The next important thing is that the world-to-camera matrix is set to identity. This means that the model-to-world matrix functions as a model-to-camera matrix. We are going back to positioning objects in front of the camera, which is what we actually want. The cube is translated down the -Z axis, which positions it directly in front of the camera. It positions the square at the same distance from the camera as the camera would be from the target point.

For the last few tutorials, we have been building up a transformation framework and hierarchy. Model space to world space to camera space to clip space. But the important thing to remember is that this framework is only useful to you if it does what you want. If you need to position an object directly in front of the camera, then simply remove world space from the equation entirely and deal directly with camera space.

We could even turn the depth test back on, and the camera target would interact correctly with the rest of the world. It is a part of the world, even though it seems like it goes through a different transform pipe.

Indeed, you could render part of a scene with one perspective matrix and part with another. This is a common technique for first-person shooter games. The main world is rendered with one perspective, and the part of the first-person character that is visible is rendered with another matrix.

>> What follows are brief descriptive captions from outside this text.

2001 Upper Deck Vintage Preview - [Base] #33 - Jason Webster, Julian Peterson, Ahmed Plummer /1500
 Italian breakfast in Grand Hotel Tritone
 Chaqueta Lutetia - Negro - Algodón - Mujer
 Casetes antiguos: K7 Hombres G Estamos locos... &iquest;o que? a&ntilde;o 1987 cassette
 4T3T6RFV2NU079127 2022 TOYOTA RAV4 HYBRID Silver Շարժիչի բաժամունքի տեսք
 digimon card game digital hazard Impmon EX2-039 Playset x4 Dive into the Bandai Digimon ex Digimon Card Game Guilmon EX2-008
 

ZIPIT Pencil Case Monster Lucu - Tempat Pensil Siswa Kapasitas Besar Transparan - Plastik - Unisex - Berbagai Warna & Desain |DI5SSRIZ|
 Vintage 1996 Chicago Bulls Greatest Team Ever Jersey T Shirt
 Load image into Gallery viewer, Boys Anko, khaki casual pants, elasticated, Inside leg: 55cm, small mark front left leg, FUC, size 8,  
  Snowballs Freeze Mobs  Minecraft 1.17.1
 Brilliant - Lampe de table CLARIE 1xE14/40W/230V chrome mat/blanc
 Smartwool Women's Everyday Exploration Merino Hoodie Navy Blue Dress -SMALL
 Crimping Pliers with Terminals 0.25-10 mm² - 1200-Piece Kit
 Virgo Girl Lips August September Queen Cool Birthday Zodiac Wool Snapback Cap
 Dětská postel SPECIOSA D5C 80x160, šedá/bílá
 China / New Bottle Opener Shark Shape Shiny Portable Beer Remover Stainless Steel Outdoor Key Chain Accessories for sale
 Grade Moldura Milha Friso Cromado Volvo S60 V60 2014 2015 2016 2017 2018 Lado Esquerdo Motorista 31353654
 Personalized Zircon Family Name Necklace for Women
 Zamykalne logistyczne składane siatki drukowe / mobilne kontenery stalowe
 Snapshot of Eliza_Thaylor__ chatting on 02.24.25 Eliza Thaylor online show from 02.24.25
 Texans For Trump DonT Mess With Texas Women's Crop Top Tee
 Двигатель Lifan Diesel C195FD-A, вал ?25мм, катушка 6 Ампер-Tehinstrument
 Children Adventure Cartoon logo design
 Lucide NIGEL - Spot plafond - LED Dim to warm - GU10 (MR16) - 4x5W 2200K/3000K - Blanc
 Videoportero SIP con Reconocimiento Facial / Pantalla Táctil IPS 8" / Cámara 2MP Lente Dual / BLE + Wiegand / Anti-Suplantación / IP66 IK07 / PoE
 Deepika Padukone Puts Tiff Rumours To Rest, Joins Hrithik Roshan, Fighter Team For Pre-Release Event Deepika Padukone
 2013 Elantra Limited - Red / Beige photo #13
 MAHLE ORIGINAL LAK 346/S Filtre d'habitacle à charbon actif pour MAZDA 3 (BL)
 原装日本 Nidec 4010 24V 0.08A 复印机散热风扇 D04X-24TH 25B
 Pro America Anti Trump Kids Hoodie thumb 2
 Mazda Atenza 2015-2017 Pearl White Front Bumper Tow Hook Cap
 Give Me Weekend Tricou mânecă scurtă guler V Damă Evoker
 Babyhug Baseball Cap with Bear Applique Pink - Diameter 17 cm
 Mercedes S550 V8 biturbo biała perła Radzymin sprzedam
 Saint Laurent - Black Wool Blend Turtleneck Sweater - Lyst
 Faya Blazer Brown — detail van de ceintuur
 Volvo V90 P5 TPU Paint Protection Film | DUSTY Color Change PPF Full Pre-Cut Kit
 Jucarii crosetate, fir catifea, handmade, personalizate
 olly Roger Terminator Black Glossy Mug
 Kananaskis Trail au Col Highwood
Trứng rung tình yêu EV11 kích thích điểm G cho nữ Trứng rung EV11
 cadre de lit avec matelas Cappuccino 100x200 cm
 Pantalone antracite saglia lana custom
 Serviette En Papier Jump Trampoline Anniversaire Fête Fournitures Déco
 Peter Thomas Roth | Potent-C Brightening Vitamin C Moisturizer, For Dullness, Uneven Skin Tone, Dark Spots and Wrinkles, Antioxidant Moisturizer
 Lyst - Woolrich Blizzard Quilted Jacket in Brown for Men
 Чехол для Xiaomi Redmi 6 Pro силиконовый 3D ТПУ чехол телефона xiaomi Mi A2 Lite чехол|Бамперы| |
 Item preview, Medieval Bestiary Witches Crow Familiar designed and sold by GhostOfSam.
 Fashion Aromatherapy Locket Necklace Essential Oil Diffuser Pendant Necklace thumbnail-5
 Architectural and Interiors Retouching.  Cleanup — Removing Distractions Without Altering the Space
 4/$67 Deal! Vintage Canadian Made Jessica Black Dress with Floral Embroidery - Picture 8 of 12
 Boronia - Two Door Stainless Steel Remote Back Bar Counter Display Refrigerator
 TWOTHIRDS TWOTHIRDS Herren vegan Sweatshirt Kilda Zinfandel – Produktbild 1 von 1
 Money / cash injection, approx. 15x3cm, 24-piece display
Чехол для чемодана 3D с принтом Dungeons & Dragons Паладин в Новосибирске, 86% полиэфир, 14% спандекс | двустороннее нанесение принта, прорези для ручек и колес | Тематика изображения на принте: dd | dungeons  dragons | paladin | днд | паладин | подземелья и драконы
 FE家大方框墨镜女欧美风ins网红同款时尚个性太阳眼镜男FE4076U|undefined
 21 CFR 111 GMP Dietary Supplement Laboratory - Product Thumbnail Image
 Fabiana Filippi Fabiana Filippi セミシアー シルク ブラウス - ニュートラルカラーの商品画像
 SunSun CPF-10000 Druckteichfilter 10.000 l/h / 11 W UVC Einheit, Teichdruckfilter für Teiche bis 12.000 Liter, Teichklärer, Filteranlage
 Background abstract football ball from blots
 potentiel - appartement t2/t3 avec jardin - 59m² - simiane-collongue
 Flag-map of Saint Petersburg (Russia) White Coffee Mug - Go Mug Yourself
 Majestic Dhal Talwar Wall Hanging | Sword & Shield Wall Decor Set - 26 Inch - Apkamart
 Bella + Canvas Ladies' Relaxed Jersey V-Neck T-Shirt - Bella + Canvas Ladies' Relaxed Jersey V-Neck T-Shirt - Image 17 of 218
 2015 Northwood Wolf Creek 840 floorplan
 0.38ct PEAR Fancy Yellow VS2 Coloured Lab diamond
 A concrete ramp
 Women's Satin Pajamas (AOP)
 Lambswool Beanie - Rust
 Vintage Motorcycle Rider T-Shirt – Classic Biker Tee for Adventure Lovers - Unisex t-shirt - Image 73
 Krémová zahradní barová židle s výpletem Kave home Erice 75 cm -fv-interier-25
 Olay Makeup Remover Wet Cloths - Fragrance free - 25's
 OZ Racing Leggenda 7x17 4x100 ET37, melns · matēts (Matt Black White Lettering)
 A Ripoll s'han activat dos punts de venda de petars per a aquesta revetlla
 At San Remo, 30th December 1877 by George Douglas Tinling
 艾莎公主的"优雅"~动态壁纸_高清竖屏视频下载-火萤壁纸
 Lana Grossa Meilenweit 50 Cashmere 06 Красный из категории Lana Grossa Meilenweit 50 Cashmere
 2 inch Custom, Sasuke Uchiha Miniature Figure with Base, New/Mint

Do not get so caught up in the way things ought to be done that you forget what you could have done if you broke free of the framework. Never hold so tightly to one way of doing something that it prevents you from seeing how to do something you need to much easier. For example, we could have applied the reverse of the camera matrix to the model-to-world matrix. Or we could just get rid of that matrix altogether and make everything work very easily and simply.



[4] This technique, using constructors and destructors to do this kind of scope-bounded work, is called Resource Acquisition Is Initialization (RAII). It is a common C++ resource management technique. You can find more information about it online. If you are unfamiliar with it, I suggest you become familiar with it.